=== Task item ===
Every line below that has "Shelf" in it should be copied.

** Opening Input records block **

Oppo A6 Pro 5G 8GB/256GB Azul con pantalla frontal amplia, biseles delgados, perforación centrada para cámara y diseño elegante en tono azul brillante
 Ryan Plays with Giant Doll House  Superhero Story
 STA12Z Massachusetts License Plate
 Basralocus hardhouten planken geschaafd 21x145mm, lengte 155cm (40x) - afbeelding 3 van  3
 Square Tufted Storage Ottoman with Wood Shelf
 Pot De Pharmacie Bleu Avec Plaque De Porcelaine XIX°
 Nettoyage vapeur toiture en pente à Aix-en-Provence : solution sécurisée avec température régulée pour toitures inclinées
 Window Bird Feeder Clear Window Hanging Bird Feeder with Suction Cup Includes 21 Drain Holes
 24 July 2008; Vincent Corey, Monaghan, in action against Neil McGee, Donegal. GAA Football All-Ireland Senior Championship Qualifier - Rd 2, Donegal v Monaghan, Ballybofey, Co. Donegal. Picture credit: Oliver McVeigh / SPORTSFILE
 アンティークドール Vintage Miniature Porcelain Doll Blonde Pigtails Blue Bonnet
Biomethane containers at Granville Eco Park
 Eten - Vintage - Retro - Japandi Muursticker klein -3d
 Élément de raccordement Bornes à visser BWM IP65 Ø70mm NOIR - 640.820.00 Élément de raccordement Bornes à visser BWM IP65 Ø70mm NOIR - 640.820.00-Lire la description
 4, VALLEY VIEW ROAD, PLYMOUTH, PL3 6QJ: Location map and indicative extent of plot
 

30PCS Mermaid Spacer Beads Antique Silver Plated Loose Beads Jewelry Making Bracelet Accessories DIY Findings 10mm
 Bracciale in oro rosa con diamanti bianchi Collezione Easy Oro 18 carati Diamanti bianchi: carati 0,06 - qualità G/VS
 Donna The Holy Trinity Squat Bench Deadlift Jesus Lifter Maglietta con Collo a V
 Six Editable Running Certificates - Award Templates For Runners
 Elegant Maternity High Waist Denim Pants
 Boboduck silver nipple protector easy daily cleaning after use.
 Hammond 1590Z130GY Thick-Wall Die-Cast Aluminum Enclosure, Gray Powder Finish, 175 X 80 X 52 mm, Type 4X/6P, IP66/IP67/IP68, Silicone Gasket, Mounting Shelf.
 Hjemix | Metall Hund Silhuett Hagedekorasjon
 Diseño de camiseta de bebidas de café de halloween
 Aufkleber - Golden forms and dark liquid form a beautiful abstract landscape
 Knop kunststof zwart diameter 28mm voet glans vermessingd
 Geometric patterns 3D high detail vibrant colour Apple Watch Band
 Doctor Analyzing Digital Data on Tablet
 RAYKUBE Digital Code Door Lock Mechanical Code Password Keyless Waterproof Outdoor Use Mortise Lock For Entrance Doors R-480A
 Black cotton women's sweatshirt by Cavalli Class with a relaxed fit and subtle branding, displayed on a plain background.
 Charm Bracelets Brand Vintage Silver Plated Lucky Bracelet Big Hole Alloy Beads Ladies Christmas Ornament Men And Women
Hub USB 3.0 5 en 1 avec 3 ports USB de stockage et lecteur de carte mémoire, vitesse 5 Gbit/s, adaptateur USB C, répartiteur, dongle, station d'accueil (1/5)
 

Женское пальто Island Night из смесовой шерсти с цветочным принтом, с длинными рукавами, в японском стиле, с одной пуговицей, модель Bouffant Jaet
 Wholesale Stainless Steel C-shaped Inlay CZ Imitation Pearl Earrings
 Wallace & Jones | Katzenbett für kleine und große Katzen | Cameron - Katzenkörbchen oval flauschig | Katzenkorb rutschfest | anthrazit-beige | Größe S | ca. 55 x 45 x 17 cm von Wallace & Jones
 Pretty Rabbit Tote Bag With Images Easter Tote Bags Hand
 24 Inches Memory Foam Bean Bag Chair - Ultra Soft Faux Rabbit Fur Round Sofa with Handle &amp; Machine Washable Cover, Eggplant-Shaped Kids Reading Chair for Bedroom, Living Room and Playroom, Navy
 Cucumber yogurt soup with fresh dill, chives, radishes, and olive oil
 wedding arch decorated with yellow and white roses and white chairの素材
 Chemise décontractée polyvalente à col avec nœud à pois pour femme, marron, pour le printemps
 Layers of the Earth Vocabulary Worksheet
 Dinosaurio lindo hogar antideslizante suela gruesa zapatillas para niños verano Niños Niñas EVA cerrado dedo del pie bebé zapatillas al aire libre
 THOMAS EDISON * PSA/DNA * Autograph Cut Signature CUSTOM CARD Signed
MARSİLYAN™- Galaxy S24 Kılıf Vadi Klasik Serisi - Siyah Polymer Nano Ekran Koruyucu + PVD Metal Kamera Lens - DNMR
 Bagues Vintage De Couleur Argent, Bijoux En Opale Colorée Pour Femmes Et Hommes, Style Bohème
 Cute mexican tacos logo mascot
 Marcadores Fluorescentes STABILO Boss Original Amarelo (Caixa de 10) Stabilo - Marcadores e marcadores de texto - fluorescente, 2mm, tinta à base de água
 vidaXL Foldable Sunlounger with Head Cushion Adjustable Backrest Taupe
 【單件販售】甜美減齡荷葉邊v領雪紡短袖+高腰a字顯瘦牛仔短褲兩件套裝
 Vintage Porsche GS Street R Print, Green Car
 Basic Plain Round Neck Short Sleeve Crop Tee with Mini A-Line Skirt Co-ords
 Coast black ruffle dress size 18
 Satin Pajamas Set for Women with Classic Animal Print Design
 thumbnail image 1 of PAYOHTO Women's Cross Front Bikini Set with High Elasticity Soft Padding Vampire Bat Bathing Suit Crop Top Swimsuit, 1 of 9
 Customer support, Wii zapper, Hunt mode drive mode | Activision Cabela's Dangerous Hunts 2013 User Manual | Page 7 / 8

** Closing Input records block **

=== Answer below ===
 Square Tufted Storage Ottoman with Wood Shelf
 Hammond 1590Z130GY Thick-Wall Die-Cast Aluminum Enclosure, Gray Powder Finish, 175 X 80 X 52 mm, Type 4X/6P, IP66/IP67/IP68, Silicone Gasket, Mounting Shelf.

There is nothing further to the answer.